Il cible en priorité la lutte contre le changement climatique et la division par quatre des émissions de gaz à effet de serre entre 1990 et 2050. Pour y parvenir, il impose notamment d'atteindre une part de 23% d'énergies renouvelables dans la consommation d'énergie finale en 2020 et une stricte maîtrise de celle-ci dans le bâtiment. Ainsi, à partir de 2012, les constructions neuves devront présenter une consommation d'énergie primaire inférieure au seuil de 50 kWh/m2/an. Dans le domaine des transports, la loi Grenelle 1 prévoit la construction de 2.000 km de lignes ferroviaires nouvelles à grande vitesse d'ici 2020 et la mise en place d'une "éco-redevance" pour les poids lourds à compter de 2011. Elle impose en outre un plus grand respect de l'environnement dans les politiques publiques : pour les décisions susceptibles d'incidence "significative" sur l'environnement, les procédures devront privilégier les solutions respectueuses de l'environnement, "en apportant la preuve qu'une décision plus favorable à l'environnement est impossible à un coût raisonnable". La loi prévoit aussi l'élaboration d'une "trame verte" - corridor écologique facilitant la circulation des espèces animales et végétales - qui devra être "prise en compte" dans les documents d'urbanisme et les schémas d'infrastructure. Elle retient également le principe de "compensation" de la perte de biodiversité visant à "rétablir les effectifs des espèces ou variétés menacées et les superficies des milieux auxquels il a été porté atteinte". Dans le domaine des déchets, le texte prévoit une réduction de la production d'ordures ménagères de 5 kg par personne et par an pendant cinq ans et une diminution de 15% d'ici 2012 de la quantité de déchets résiduels à incinérer ou stocker.

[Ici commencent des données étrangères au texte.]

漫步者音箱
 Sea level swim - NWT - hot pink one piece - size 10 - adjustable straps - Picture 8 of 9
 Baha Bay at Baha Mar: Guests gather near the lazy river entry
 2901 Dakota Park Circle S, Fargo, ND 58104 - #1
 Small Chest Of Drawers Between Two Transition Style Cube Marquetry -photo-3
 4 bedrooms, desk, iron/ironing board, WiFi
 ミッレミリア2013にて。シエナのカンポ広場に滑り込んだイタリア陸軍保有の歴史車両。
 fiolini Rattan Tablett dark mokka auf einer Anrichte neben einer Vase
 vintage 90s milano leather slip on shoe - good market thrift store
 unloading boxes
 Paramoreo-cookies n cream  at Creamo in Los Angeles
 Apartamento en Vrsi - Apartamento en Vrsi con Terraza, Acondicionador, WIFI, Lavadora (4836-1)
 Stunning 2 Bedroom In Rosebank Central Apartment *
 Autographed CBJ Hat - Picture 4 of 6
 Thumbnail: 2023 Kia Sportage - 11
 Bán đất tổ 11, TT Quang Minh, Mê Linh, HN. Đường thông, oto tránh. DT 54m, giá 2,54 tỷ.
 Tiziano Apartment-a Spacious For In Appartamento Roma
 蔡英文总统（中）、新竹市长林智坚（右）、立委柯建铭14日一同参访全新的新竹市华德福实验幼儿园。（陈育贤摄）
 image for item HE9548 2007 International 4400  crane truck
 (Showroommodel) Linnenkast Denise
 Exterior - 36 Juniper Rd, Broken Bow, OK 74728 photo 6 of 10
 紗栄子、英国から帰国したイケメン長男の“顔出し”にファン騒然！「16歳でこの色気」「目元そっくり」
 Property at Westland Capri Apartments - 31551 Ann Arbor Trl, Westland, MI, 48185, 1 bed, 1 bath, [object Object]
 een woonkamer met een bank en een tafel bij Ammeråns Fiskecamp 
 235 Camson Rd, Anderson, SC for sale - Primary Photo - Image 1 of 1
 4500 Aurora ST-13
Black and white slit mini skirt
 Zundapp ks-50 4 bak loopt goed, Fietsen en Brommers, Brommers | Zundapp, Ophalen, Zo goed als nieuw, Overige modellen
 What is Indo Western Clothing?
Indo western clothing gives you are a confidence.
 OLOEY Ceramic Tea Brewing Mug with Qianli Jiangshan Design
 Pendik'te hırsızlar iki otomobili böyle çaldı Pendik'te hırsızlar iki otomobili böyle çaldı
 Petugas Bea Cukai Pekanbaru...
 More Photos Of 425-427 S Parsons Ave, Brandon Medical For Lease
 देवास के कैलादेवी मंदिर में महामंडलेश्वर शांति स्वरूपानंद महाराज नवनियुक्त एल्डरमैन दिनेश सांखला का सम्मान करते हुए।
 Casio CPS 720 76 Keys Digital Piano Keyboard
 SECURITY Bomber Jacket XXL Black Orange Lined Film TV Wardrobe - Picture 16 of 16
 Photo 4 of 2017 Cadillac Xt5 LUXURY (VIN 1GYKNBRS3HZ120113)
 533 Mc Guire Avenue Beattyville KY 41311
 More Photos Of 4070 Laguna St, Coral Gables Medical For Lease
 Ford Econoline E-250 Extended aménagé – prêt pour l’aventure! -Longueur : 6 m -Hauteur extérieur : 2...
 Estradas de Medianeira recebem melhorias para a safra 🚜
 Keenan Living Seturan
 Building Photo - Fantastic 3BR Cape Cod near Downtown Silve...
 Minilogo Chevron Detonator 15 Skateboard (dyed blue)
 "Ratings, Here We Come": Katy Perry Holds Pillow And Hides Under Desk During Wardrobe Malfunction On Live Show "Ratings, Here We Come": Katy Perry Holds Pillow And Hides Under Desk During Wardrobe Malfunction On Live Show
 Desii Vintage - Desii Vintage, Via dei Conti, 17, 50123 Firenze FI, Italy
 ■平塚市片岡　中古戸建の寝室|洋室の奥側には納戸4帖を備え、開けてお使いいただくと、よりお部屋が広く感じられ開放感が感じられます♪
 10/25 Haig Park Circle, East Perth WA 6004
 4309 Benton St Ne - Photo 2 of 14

Avant d'être finalement avalisées, plusieurs mesures introduites par les parlementaires de la majorité ont suscité des remous. Cela a été le cas de celle prévoyant le lancement d'une étude gouvernementale sur l'autorisation de circulation de poids lourds jusqu'à 44 tonnes (contre 40 actuellement), de l'allègement des procédures de protection du patrimoine ou encore de l'exonération du chauffage électrique des nouvelles normes thermiques dans le bâtiment.
Taxe carbone et Grenelle 2 pour animer la rentrée
La contribution climat énergie ou taxe carbone inscrite elle aussi dans Grenelle 1 a également alimenté les débats en juillet. Le rapport remis par Michel Rocard, président de la commission des experts chargés de réfléchir aux conditions de sa mise en oeuvre, marque une première étape : il appartient maintenant aux pouvoirs publics de décider du sort de cette nouvelle taxe qui a déjà suscité de vives critiques de la part de responsables politiques, d'associations de consommateurs, de responsables syndicaux et patronaux et même de certaines associations écologistes. Entre l'impératif d'efficacité environnementale et le degré d'acceptabilité sociale, les arbitrages risquent donc d'être difficiles tant les écueils sont nombreux, surtout en période de crise économique.
La rentrée de septembre sera aussi largement marquée par l'examen du projet de loi Grenelle 2 au Sénat d'abord puis à l'Assemblée nationale. L'urgence a été déclarée sur ce texte très touffu (plus de 100 articles) qui est la déclinaison pratique du Grenelle 1. La discussion s'engagera donc sur la base du texte adopté début juillet par la commission de l'économie, du développement durable et de l'aménagement du territoire du Sénat qui a consacré pas moins de 35 heures à l'examen de plus d'un millier d'amendements. Les débats en séance promettent d'être longs et animés car il s'agit cette fois d'un projet de loi à finalité opérationnelle. Ses conséquences pratiques seront importantes pour les collectivités. Du toilettage du Code de l'urbanisme aux transports en passant par l'extension des plans Climat territoriaux, la préservation de la ressource en eau, la lutte contre les multiples pollutions (air, sols, etc.) ou la réforme des enquêtes publique, ce projet de loi d'"engagement national pour l'environnement" prévoit des mesures ambitieuses. Il aura donc valeur de test décisif pour le passage à une société plus verte.